On a cold November night in 2015, the peaceful atmosphere of Paris was shattered by ruthless terror attacks that resulted in the death of 130 people and left 494 others critically wounded. The malevolent assailants, heavily armed with assault rifles and explosives, tactically targeted six locations within the city. Following the incident, the infamous extremist group ISIS hastily assumed responsibility for the heart-wrenching carnage.
During the evening of November 13-14, a series of explosive and shooting events unfolded across the city. Around 9:20 p.m. at the Stade de France, a sports stadium situated at the suburban neighborhood Saint-Denis, north of Paris, the first explosion occurred.

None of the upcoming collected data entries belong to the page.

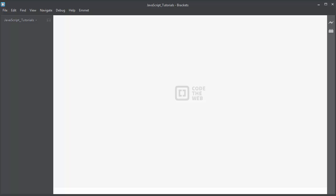Hi again. In this lesson we're going to write our first program in JavaScript programming language.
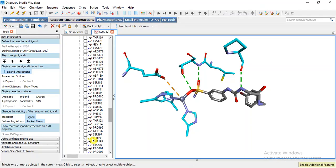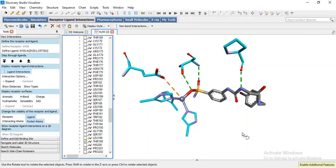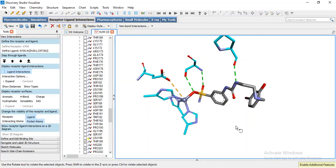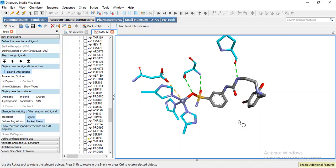This is our residue threonine 199 and threonine 198 is not here so it has no interaction. Now these are our residues which are going to interact.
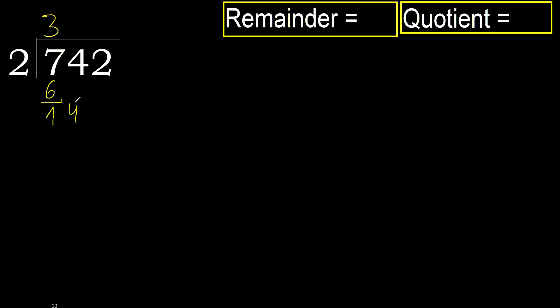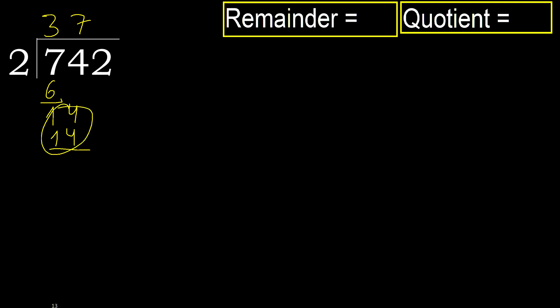Next, 14. 2 multiplied by 6 is 12, is greater. Multiply by 7, 14 is not greater, ok. Subtract. 14 minus 14, 0.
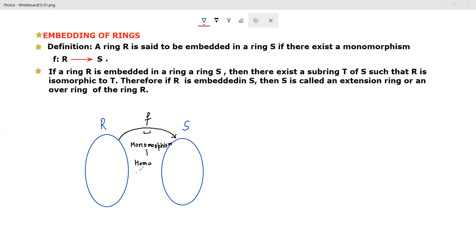Monomorphism means homomorphism plus one-one. Between two rings, if you can establish a mapping that satisfies the condition of ring homomorphism and is also one-one, then we say the ring R is embedded in ring S. This is the first definition. Both definitions are essentially the same.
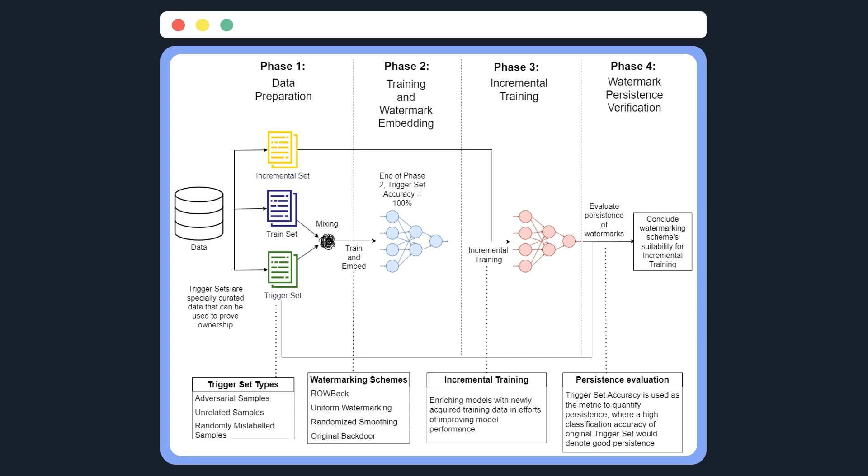For my study, I focused on three main trigger set types. I have adversarial samples, unrelated samples, and also randomly mislabeled samples.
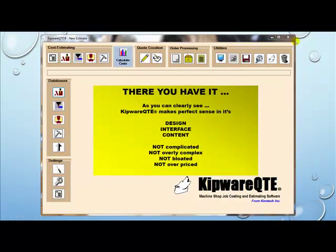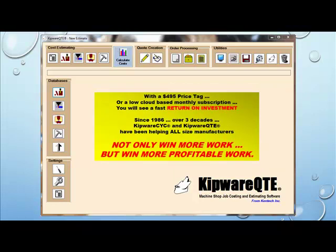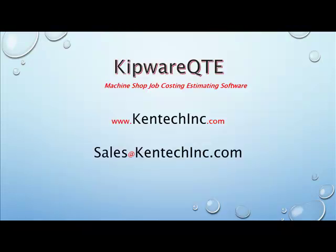So there you have it. As you can clearly see, QTE makes perfect sense in its design, interface, and content. It's not complicated, not overly complex, not bloated, and not overpriced. With a $4.95 price tag or a low cloud-based monthly subscription, you will see a fast return on investment. Since 1986 — over three decades — KIPWARE CYC and KIPWARE QTE have been helping manufacturers of all sizes not only win more work, but win more profitable work. Thank you.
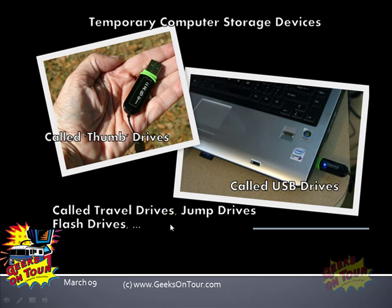So for permanent storage backup, we like CDs and DVDs. But these guys are so easy. If you be very careful with them, we'll let you back up with them. And in any case, they're good for temporary, for quick. Make a copy, take it somewhere else. Put something on here to take to the printers because you don't have a printer to use, etc. They're great.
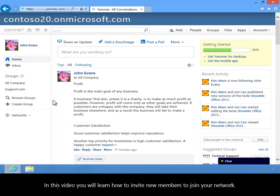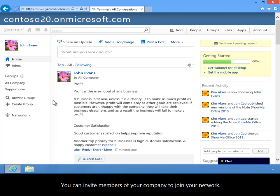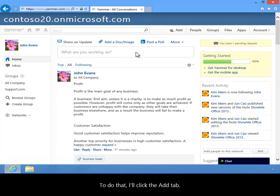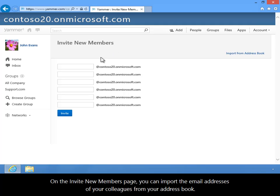In this video you will learn how to invite new members to join your network. You can invite members of your company to join your network. To do that, I'll click the Add tab. On the Invite New Members page, you can import the email addresses of your colleagues from your address book.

Watching a soccer match inside the stadium was none other than French President Francois Hollande, who was quickly and safely evacuated. As the events continued to unfold over the next few hours, President Hollande declared a state of emergency, sealing the nation's borders.
Later on, during two encounters respectively at 9:30 p.m. and 9:53 p.m., additional blasts occurred outside the stadium and nearby on Rue de la Cokerie. These events collectively claimed the lives of four individuals - three suicide bombers and an unintended pedestrian.
Violent shootings caused further harm at locations such as Petit Cambodge and Le Carillon, Café Bonne Biere, and La Belle Equipe, taking several innocent lives. A suicide bomber also detonated himself in a restaurant, Comptoir Voltaire, critically injuring one person and mildly harming others. The Bataclan concert hall was also a scene of terror, where around 90 people lost their lives when assailants opened fire during a concert by the American band Eagles of Death Metal.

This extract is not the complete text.